Aside from boring Akito, the other 4 major protagonists actually get to show off their fun side, even if it makes the rebel trio in particular feel like completely different people if not for their singular trait from before that occasionally appears. Ayano has the biggest personality change, and it all comes out of left field, though for her, it compliments her beauty more. Let it not be said that these three aren't more likable and that they aren't less generic now, because they are. The lightning-fast pacing doesn't let the backstories tell themselves well either, especially for Leila. Plus, the gypsies are annoying and not well written. Now to the other side of this conflict. Julius is pathetic. He's just an arrogant man who goes crazy for the most ludicrous of reasons and is reduced to someone pathetic, almost like a sick parody of the man he was in the TV series. His plan is compared to what the real Lelouch did despite him never doing something like that in the original series, and I can't explain why he is so pathetic about water. Shin is every bit as one-note as ever, but it's interesting to see how the other guys are dicks to him behind his back. We luckily only get to see the badass side of Suzaku and not the abhorrent and hypocritical side of him, but he can't help much. Then we get this hot but disturbingly one-note lady of Geass who we know nothing about, in the second to last scene of the film and apparently we don't see her again in the next one. Just...why?
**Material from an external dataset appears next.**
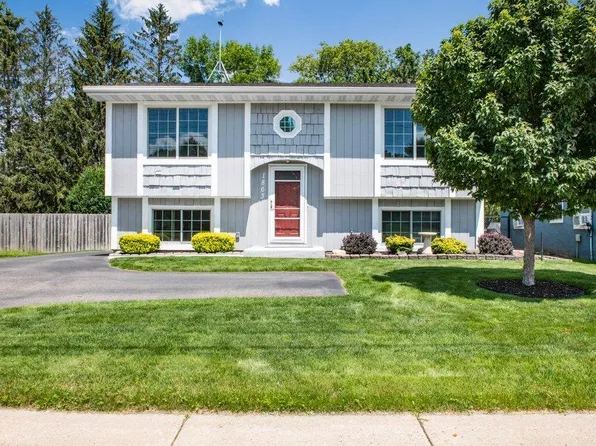 1863 Highway 96 E, White Bear Lake, MN 55110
Yet with everything I said, it seems like the movie did learn something, as its visuals are a massive step up from the previous movies. For one, the characters move quite a lot, at least thrice as much as the first two films combined, which shouldn't have been as big a relief as it was. Also, the CGI in the second half of the film has vastly improved, notably in the battle between Suzaku and Shin's forces. Sure, they would look more appropriate in a PS3 video game, but the CGI is far more fitting for a mech given how metallic they all look now, like the kickass Lancelot. Sure, the action directing still needs work, but everything, including the looks and effects of geass, is a major step up from before. Still doesn't beat the original series, but hey, it's still better than what came before, including the CGI in the first half of the film.
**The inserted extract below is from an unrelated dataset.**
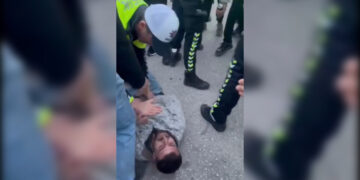 Li Geverê polîsên trafîkê ciwanek derb kirin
There's a surprising number of new songs in the first 40 minutes, and they work much better and are more varied than the other ones. Unfortunately, we still have to put up with the other generic tracks and the generic ED, and even the new tracks don't stick out, but there's at least some flavor coming from these new tracks, flavor that actually fits, unlike the flaring trumpets track. It's a step up here as well, and I hope to hear more interesting tracks from this sub-series in the future, especially since it makes the OST actually have its own identity for once instead of just sounding like a lamer version of the main series' OSTs.
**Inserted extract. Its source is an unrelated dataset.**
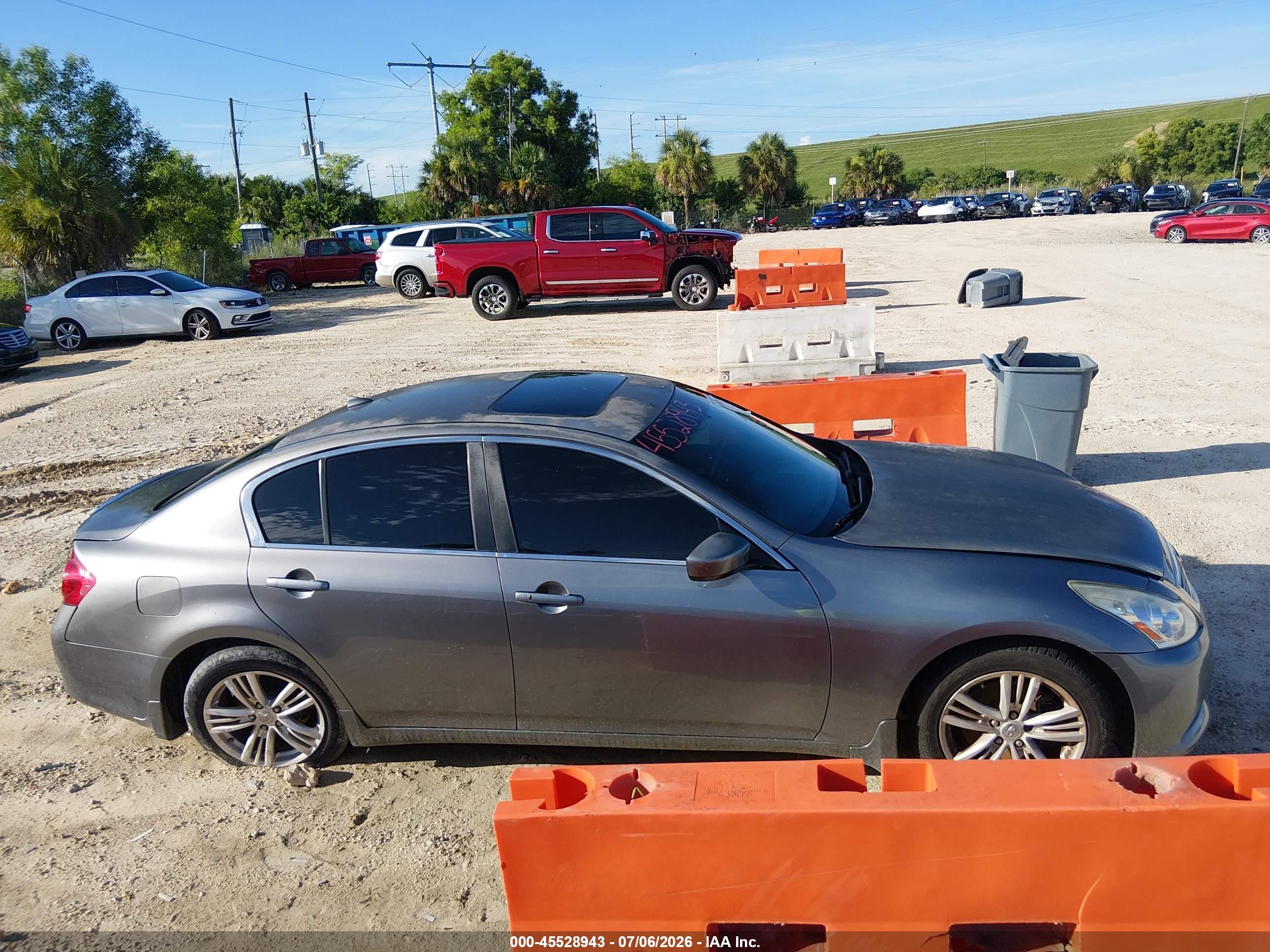 2013 Infiniti G37 Journey Gray vin: JN1CV6AP5DM713233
I wonder why people call this film worse than the other two and the start of Akito's decline. It's not much worse than the awful second film in terms of writing, and there's actually a sense of charm here, even if most of it came from unintentional hilarity. Is it because the first half felt weird and out of place? Perhaps, but it at least had characters actually doing things and actually trying to get more fleshed out. Is it because it's boring? I'd disagree and say that the first film is far more boring, but hey, opinions. However, you can't really say the series is starting to get dumb since it has always made absolutely no sense, especially during the second film. It's just that the ball of suck keeps rolling, even if this time around, it manages to be enjoyably terrible. Plus, the CGI and music improved, and there is actually a lot of character animation. Perhaps an in-depth discussion can lend me some insight, but for now, this is as entertaining as this sub-series has been so far, quality notwithstanding.